BRITAIN’S top court will rule on Tuesday whether Prime Minister Boris Johnson’s decision to suspend parliament was unlawful, a judgment that could lead to the recall of the legislature and give lawmakers more chance to obstruct his Brexit plans.
Johnson advised Queen Elizabeth to prorogue, or suspend, parliament on Aug. 28, a move his opponents said was made to stymie challenges to his promise to take Britain out of the EU on Oct. 31 with or without a divorce deal.
Johnson says the aim of the suspension – from Sept. 10 until Oct. 14 – was to allow his Conservative government bring in a new legislative agenda and that few working days would be lost.
The Supreme Court said its 11 justices would hand down their judgment at 10:30 a.m. (0930 GMT) on Tuesday.
During three days of hearings last week, the Supreme Court was told by lawyers for anti-Brexit campaigners, opposition lawmakers and even former Conservative Prime Minister John Major that the five-week shutdown was the longest in 50 years.
The lawyer added that it simply a means to stop parliament doing its job.
Under Britain’s unmodified constitution, the power to suspend or dissolve parliament formally remains with the monarch, a politically impartial figure who acts in accordance with the advice of the prime minister.
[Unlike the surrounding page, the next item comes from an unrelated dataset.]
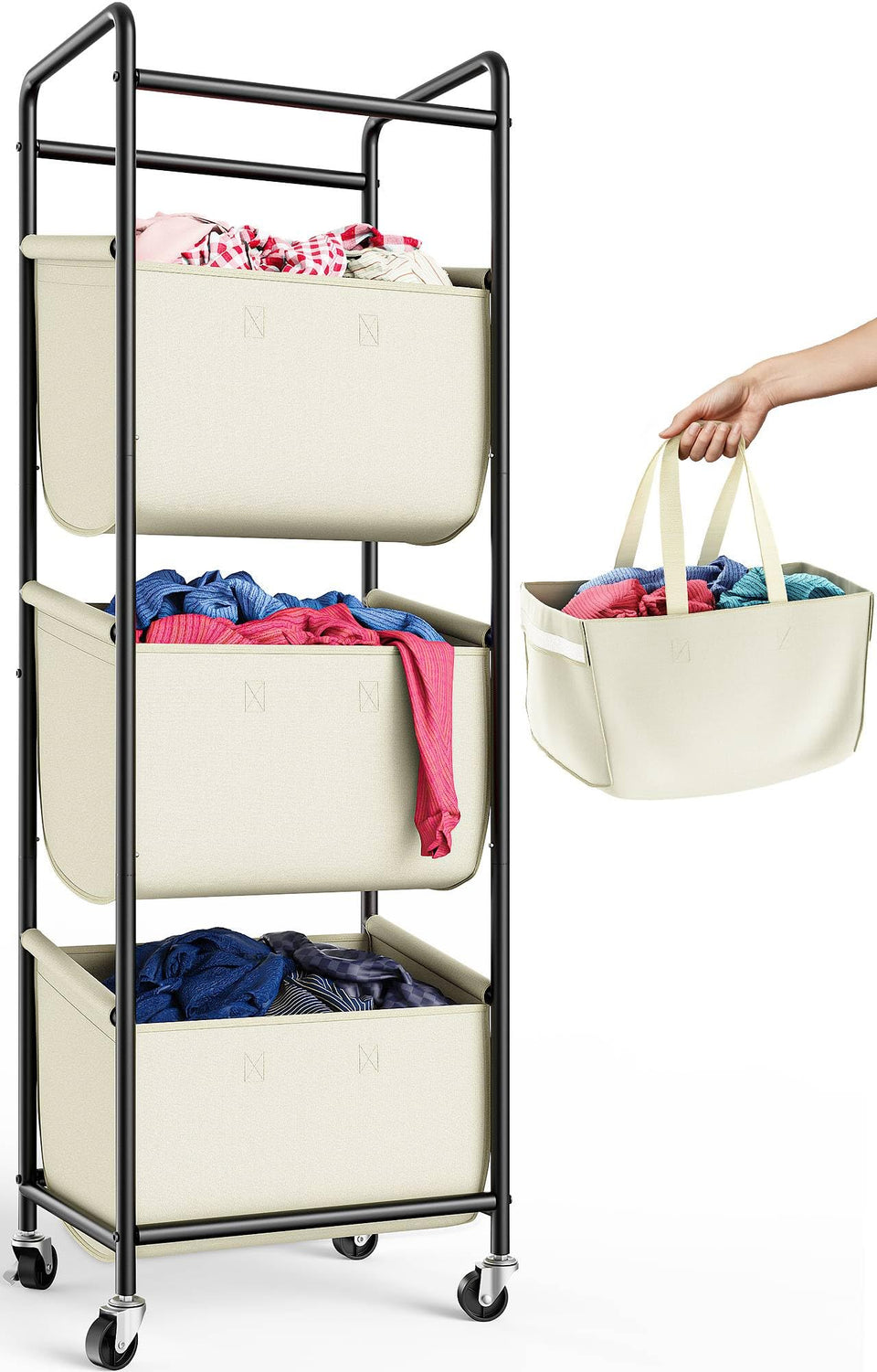 Yasali 3-section sorter front view shows compact space saving design for small rooms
The Supreme Court will have to decide if the issue is one that judges should even be involved in or if it was simply a political issue.
The High Court of England and Wales ruled earlier this month that the issue was indeed not “justiciable” but Scotland’s top court concluded Johnson had acted illegally and that the prorogation should be declared null and void.
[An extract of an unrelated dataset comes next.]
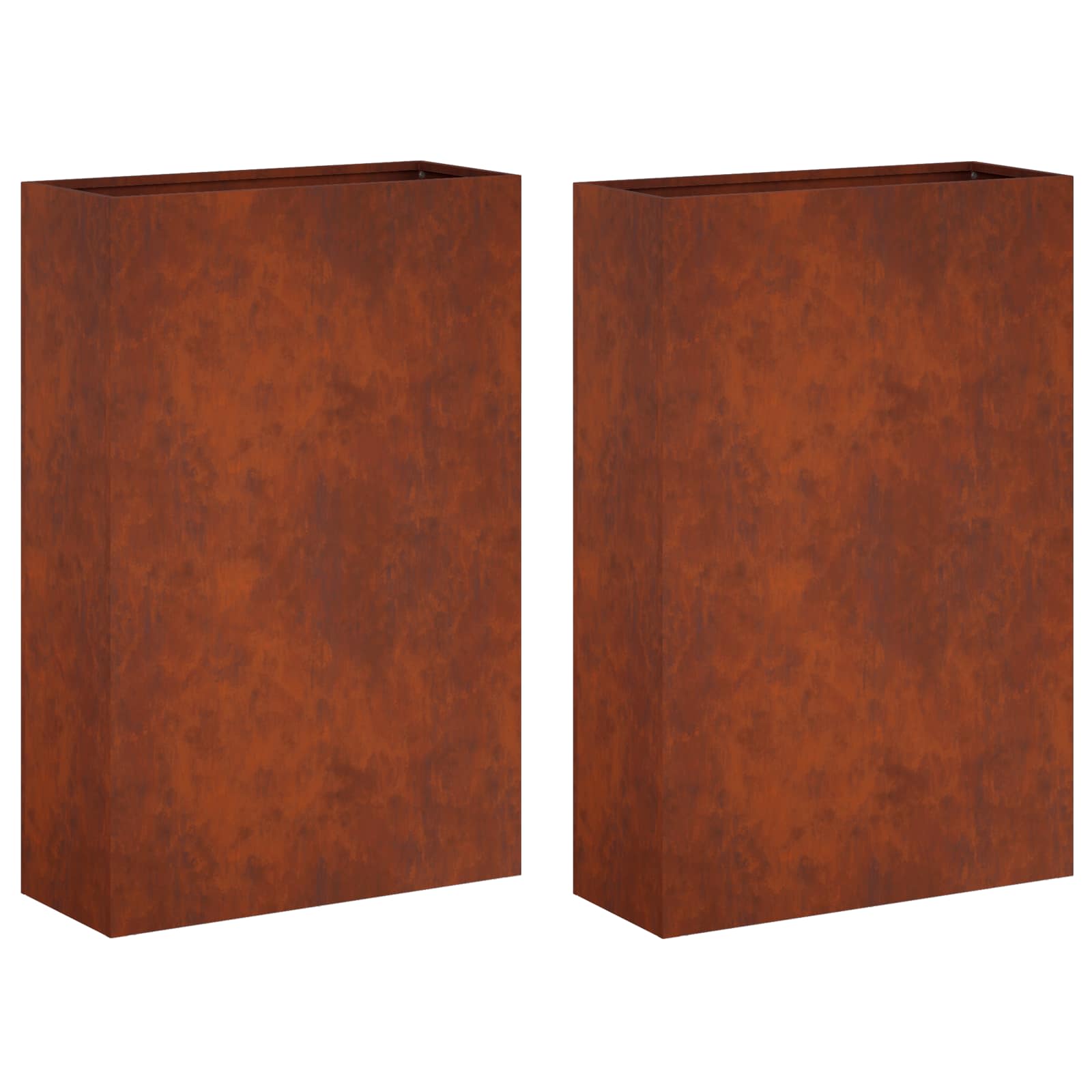 vidaXL Záhradný kvetináč 2 ks Hrdzavý 40 x 20 x 75 cm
“As we have heard, it is not a simple question and we will now consider carefully all the arguments that have been presented to us,” Brenda Hale, the court’s president, said at the end of the hearings on Thursday.
If the top court agrees the suspension was illegal, it could say that Johnson should recall parliament or that as the prorogation was unlawful, the legislature could simply be reconvened by its speakers.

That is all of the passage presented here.